(INFORMATION PROVIDED Opens)

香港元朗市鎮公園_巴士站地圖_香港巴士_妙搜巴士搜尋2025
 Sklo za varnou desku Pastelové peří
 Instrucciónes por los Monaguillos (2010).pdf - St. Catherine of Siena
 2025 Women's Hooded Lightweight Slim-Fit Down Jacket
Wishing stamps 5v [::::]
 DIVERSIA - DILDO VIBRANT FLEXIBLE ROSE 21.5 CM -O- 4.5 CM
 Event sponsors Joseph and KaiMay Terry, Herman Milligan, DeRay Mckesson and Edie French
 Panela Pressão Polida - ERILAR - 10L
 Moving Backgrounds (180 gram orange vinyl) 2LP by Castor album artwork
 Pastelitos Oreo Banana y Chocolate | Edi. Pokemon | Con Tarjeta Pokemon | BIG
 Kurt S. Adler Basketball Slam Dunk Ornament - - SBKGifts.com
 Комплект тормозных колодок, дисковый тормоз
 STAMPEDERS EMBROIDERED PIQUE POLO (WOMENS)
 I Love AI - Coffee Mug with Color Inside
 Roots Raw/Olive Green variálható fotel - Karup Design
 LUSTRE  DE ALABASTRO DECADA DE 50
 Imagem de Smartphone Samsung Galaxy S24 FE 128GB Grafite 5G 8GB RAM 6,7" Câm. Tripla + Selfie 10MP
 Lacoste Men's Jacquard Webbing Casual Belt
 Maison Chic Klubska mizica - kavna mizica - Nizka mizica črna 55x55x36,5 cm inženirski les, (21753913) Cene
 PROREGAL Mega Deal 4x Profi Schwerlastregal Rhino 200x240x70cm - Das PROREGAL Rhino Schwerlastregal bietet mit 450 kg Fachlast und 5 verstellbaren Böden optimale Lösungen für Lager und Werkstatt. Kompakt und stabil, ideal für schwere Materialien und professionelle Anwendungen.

(INFORMATION PROVIDED Closes)

= YOUR TASK =
Reproducing the whole listing above is not the task. Copy exactly only the lines from the one with "2025 Women's Hooded" to the one with "Panela Pressão Polida - ERILAR - 10L", both kept.

= WORKED SOLUTION =
 2025 Women's Hooded Lightweight Slim-Fit Down Jacket
Wishing stamps 5v [::::]
 DIVERSIA - DILDO VIBRANT FLEXIBLE ROSE 21.5 CM -O- 4.5 CM
 Event sponsors Joseph and KaiMay Terry, Herman Milligan, DeRay Mckesson and Edie French
 Panela Pressão Polida - ERILAR - 10L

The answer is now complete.